◆ EXERCISE REQUIREMENTS
Up through the line that contains "Hey, welcome to", retype the entries exactly, beginning at the very first line.
....
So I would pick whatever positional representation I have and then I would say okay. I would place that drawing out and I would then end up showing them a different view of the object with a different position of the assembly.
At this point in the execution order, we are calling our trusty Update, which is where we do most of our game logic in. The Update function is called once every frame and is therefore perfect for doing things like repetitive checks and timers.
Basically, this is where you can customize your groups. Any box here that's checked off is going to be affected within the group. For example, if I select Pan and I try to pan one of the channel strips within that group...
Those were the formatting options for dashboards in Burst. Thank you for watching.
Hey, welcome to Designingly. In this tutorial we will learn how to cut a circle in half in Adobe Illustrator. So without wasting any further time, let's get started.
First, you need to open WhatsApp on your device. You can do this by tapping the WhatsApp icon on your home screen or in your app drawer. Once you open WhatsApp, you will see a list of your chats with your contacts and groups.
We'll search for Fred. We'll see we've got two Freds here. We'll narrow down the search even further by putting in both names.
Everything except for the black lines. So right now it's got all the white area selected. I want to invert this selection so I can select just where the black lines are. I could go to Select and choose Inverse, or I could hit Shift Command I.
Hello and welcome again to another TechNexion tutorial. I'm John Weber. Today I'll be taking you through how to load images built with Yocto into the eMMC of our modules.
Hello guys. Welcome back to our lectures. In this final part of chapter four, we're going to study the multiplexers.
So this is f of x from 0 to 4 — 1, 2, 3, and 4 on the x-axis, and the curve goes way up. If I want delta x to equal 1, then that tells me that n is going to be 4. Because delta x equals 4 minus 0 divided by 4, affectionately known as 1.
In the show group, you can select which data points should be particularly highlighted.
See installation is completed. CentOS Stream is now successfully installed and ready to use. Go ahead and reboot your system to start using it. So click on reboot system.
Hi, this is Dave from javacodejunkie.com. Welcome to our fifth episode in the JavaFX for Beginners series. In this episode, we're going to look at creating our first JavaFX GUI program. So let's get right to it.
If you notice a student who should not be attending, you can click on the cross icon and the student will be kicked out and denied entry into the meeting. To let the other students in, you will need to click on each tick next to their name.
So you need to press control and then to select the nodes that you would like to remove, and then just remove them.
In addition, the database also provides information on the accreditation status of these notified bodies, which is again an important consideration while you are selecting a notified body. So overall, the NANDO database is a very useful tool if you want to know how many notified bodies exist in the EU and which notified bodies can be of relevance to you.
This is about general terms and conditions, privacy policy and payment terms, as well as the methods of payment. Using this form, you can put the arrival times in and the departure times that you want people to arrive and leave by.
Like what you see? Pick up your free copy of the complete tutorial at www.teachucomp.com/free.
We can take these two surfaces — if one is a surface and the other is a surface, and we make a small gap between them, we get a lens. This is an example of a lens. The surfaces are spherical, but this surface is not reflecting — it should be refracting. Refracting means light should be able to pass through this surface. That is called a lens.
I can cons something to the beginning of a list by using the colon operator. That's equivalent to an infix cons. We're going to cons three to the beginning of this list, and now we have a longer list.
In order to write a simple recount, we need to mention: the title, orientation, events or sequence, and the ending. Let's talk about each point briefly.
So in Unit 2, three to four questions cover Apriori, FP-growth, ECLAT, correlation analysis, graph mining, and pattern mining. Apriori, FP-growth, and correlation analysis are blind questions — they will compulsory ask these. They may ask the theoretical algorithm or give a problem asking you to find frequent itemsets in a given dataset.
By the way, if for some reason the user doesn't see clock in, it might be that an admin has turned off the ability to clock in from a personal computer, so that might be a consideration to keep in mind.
....
◆ RESULT OF THE EXERCISE
So I would pick whatever positional representation I have and then I would say okay. I would place that drawing out and I would then end up showing them a different view of the object with a different position of the assembly.
At this point in the execution order, we are calling our trusty Update, which is where we do most of our game logic in. The Update function is called once every frame and is therefore perfect for doing things like repetitive checks and timers.
Basically, this is where you can customize your groups. Any box here that's checked off is going to be affected within the group. For example, if I select Pan and I try to pan one of the channel strips within that group...
Those were the formatting options for dashboards in Burst. Thank you for watching.
Hey, welcome to Designingly. In this tutorial we will learn how to cut a circle in half in Adobe Illustrator. So without wasting any further time, let's get started.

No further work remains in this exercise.